> _MATERIAL SHOWN_:
######

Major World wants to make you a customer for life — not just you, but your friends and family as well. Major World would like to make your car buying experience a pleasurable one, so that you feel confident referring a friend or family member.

######

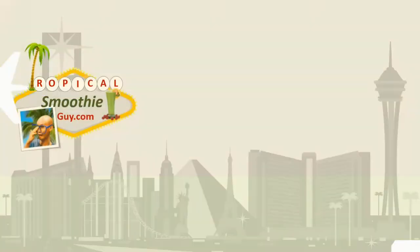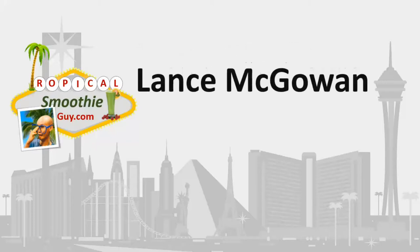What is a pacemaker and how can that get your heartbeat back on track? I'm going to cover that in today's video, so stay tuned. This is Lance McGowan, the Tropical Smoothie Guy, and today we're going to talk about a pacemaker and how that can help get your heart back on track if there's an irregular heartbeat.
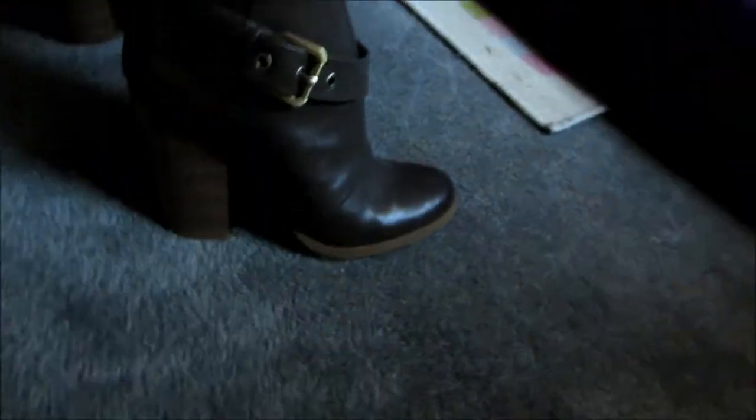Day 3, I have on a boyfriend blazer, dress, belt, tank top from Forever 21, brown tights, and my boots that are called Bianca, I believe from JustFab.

######

> _EXERCISE BRIEF_: Write out exactly the run of lines above that starts at the line containing "What is a pacemaker" and ends at the line containing "Day 3, I have". Include both, and leave the pictures out.

> _REPLY_:
What is a pacemaker and how can that get your heartbeat back on track? I'm going to cover that in today's video, so stay tuned. This is Lance McGowan, the Tropical Smoothie Guy, and today we're going to talk about a pacemaker and how that can help get your heart back on track if there's an irregular heartbeat.
Day 3, I have on a boyfriend blazer, dress, belt, tank top from Forever 21, brown tights, and my boots that are called Bianca, I believe from JustFab.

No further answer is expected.